Somewhere below is a line with "Limtula Vogel Spielzeug" and, later, a line with "Johnny Was 3J"; repeat those two lines and all the lines between them, exactly as they are.
----- THE INPUT
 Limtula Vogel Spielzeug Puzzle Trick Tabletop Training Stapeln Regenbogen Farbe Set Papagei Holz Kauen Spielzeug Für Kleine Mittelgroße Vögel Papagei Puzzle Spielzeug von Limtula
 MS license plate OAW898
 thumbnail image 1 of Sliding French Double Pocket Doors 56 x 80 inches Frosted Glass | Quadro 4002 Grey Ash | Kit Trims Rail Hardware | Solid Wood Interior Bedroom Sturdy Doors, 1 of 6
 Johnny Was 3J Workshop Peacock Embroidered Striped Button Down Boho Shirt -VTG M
----------
----- THE INPUT
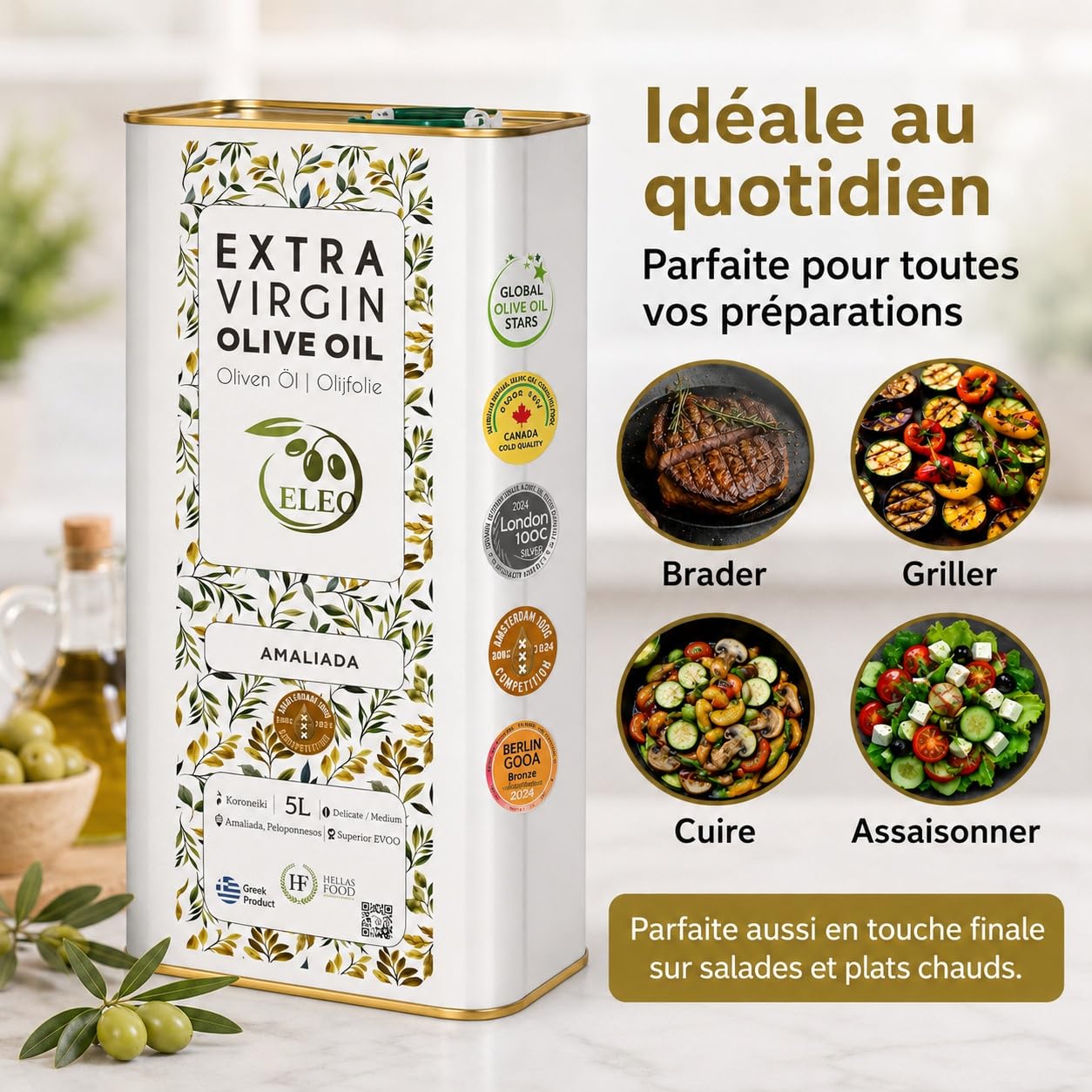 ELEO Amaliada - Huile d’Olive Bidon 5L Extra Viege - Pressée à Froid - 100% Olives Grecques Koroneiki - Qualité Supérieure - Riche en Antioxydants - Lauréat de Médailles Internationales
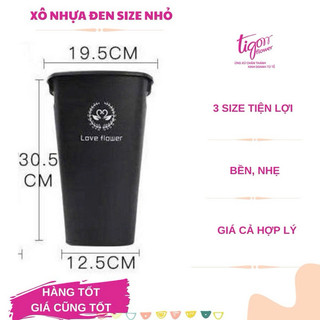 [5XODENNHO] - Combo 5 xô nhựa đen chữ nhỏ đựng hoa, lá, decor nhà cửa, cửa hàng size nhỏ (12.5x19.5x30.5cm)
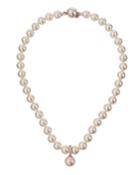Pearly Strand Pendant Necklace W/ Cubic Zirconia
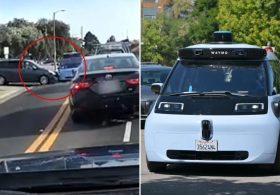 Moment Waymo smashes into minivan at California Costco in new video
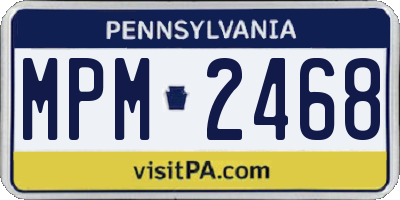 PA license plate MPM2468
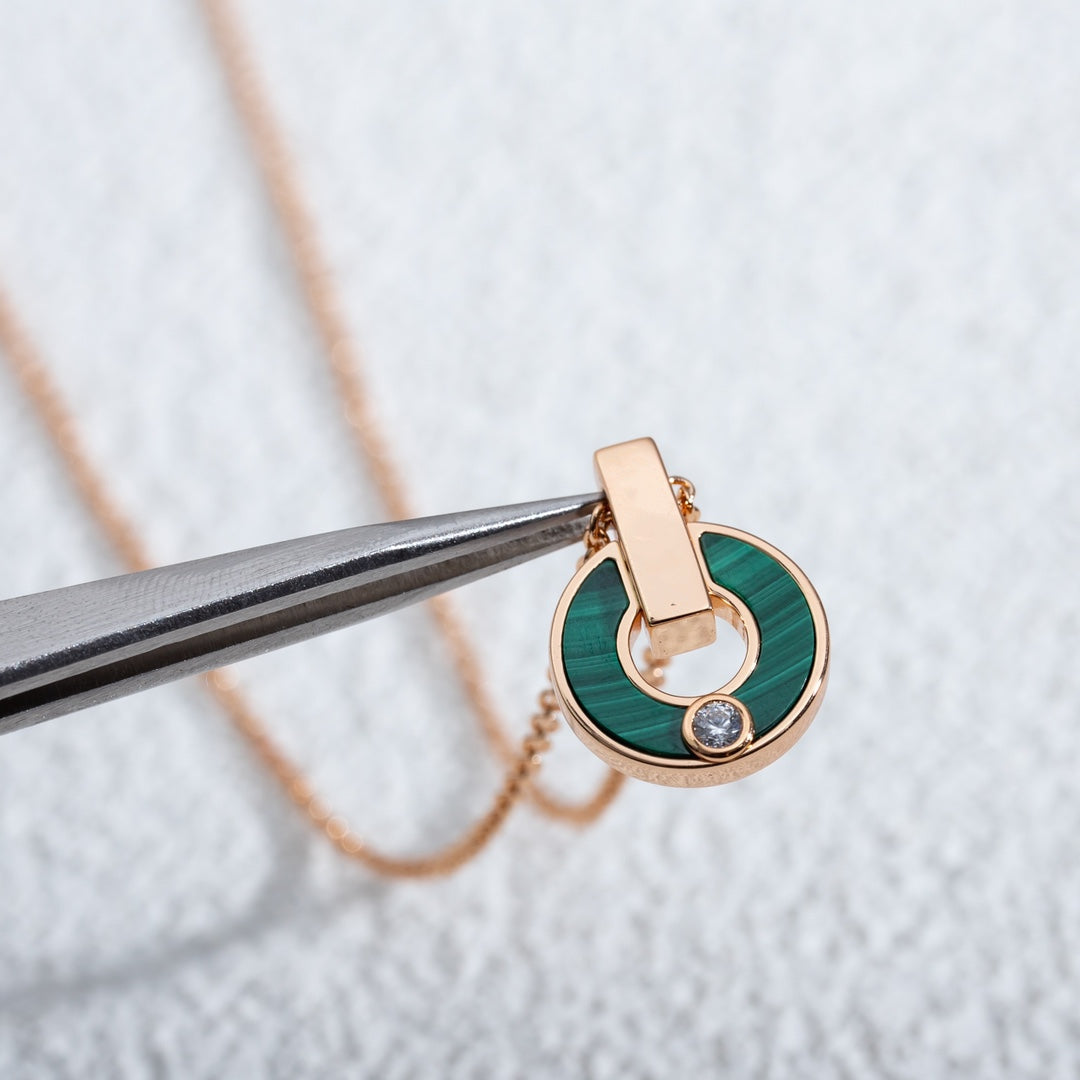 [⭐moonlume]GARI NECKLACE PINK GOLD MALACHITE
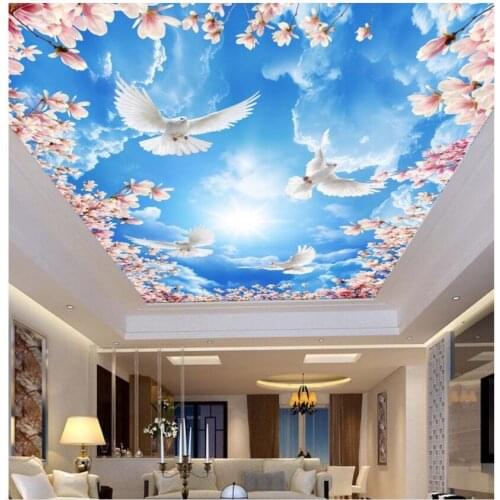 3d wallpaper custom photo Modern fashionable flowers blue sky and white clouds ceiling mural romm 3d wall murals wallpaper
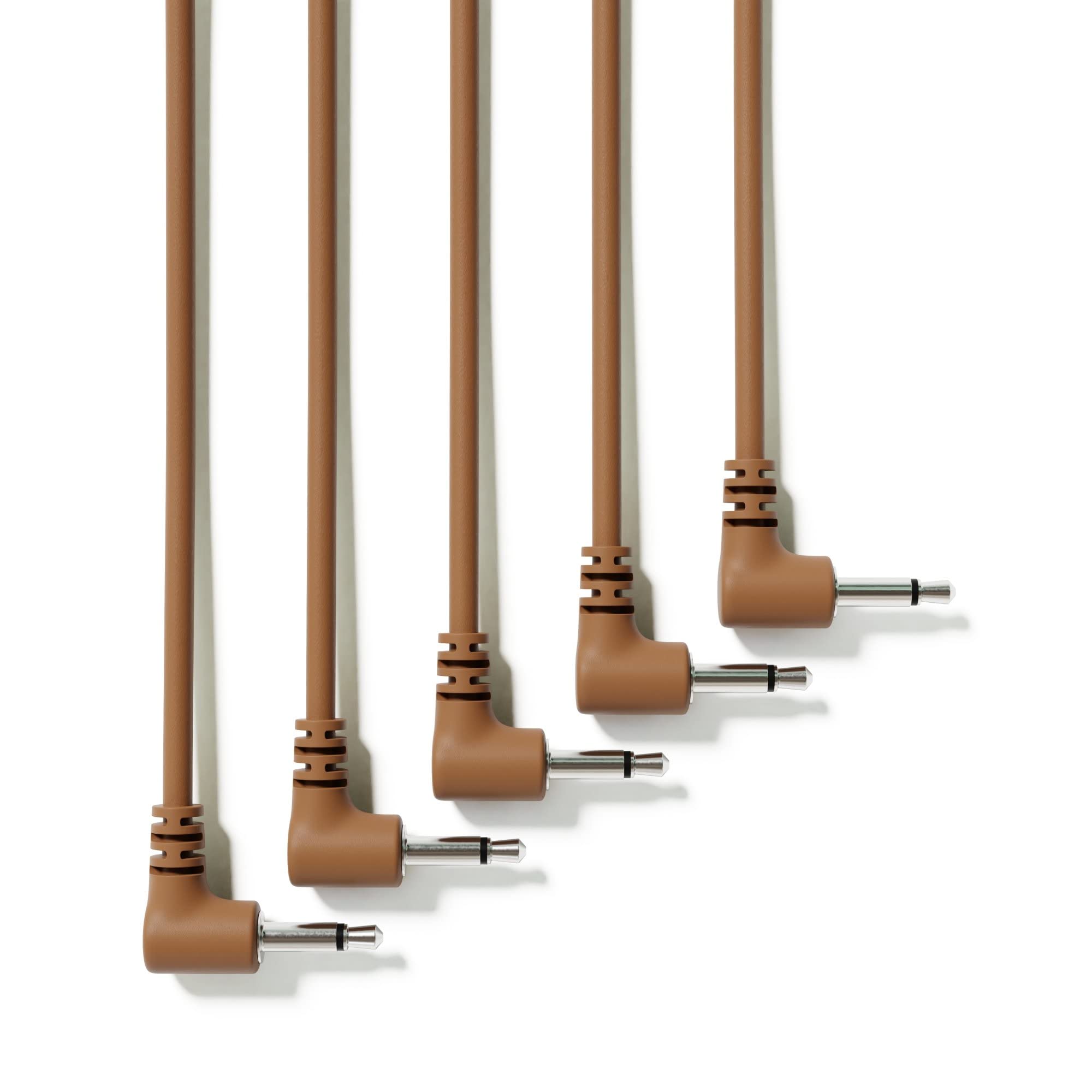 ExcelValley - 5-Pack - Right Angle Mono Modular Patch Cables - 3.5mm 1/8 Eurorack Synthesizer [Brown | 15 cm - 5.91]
----------
RESPONSE TO THE EXERCISE>
 Limtula Vogel Spielzeug Puzzle Trick Tabletop Training Stapeln Regenbogen Farbe Set Papagei Holz Kauen Spielzeug Für Kleine Mittelgroße Vögel Papagei Puzzle Spielzeug von Limtula
 MS license plate OAW898
 thumbnail image 1 of Sliding French Double Pocket Doors 56 x 80 inches Frosted Glass | Quadro 4002 Grey Ash | Kit Trims Rail Hardware | Solid Wood Interior Bedroom Sturdy Doors, 1 of 6
 Johnny Was 3J Workshop Peacock Embroidered Striped Button Down Boho Shirt -VTG M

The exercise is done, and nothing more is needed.